Wednesday, January 25, 2012
Calisthenics #1 Week #2
I am hoeing and pulling weeds in a peanut field because my father was afraid he couldn't pass trigonometry to get into the pilot training program in the Army Air Corps. I continue down another long row carrying my favorite light-weight hoe. Thank God, the hot July day is hazy, with cumulus clouds continually drifting and covering the blazing sun. I picture rich bitch Lynn lying on the quartz-white sands of Panama City Beach.
From ahead on his row, Daddy reminds me to be sure to get all the roots of the gigantic coffee weed that dared to shoot toward the sun on my row. Obligingly, I squat and grab the dirty stem low near the roots. I slowly wiggle it from the soil to keep it from snapping off and leaving roots that would have to be extricated with the hoe.
"Look, Daddy! I got it all!" I hold the intact plant up for his inspection and approval.
"Good work. You're learning."
I pull the plastic baggie from the top of my two-piece bathing suit and take out the wet wash cloth. I scrub the rain-splattered dirt clinging to the stem from my hands.
"Look at the princess! Too good for a little dirt!" my sister Phyllis shouts for all to hear.
"Shut up! The dirt on your hands will get so embedded your hands'll be stained forever. No one will ever ask you for a date with those filthy hands!"

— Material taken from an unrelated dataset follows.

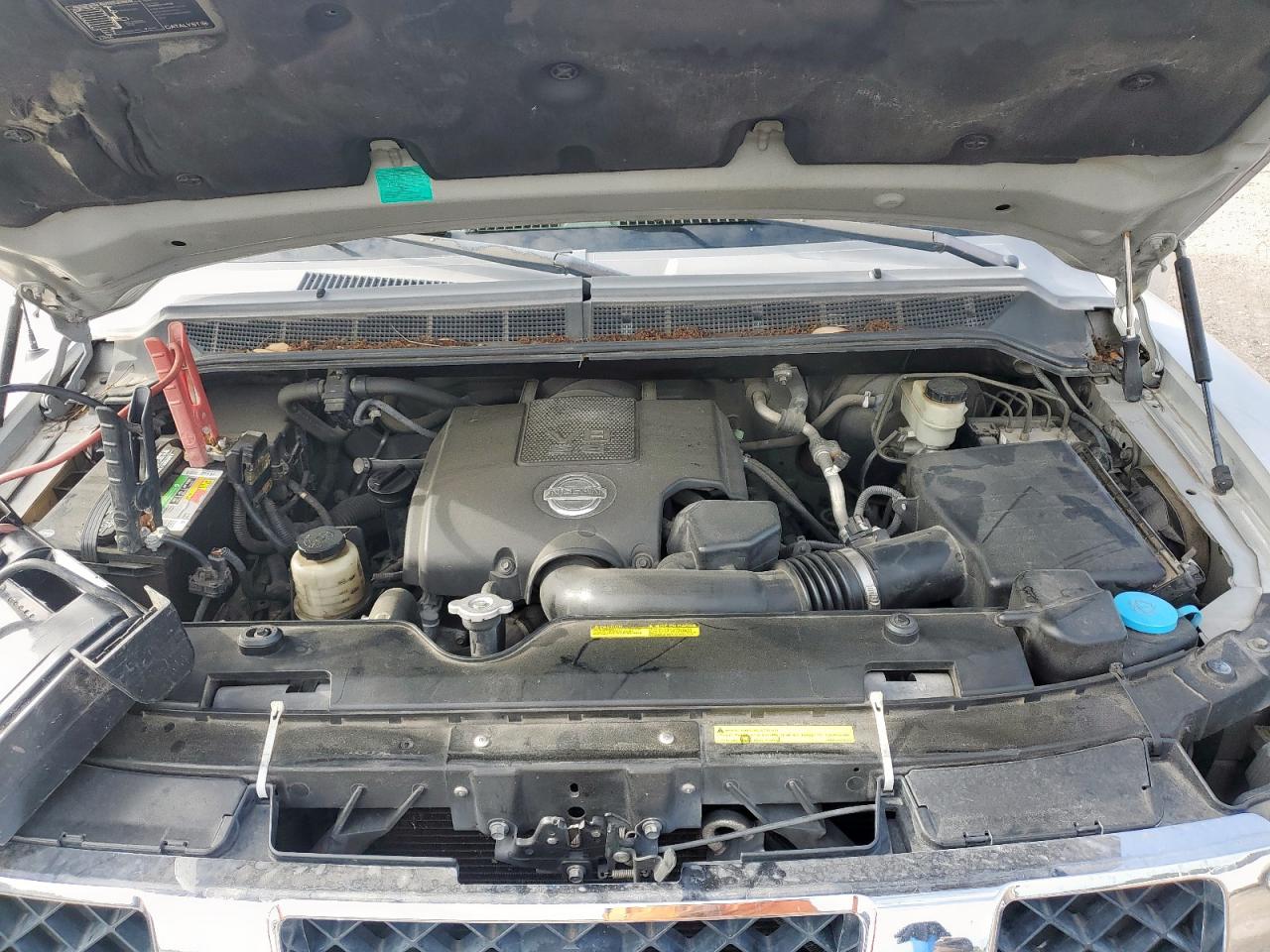 2007 Nissan Titan Xe VIN: 1N6BA07A37N226046 Lot: 63550745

I think of Lynn again and wish I could wash my hands in the saline-rich waters of the Gulf. My consolation prize is the "tanfastic" solar glow that will be mine. Thanks to the gift of melanin-rich skin from my Cherokee Indian great-grandmother, Susan Birdsong, I tan easily and rarely burn. I picture Lynn, her fair skin screaming with a painful red sunburn. Not that I'm sadistic, but I'm glad that I"ll have a tan, and not just the three dollars, for my hard labor in the field.
When the sun finally drops behind the oaks and pine trees, we hoist ourselves into the back of the pick-up for the short ride home. I go into the bathroom immediately upon arrival and strip off my bathing suit. I survey my svelte 15-year old body in the full-length mirror and decide that my beautiful tan lines just might be worth all the agony of the day.
I shower, eat supper, and fall into bed. It takes a long time to fall asleep because the constant chopping of the hoes is too loud in my sun-baked brain to allow sleep. My last thought, before succumbing to sleep, is that I probably had been very close to dying from a heat stroke.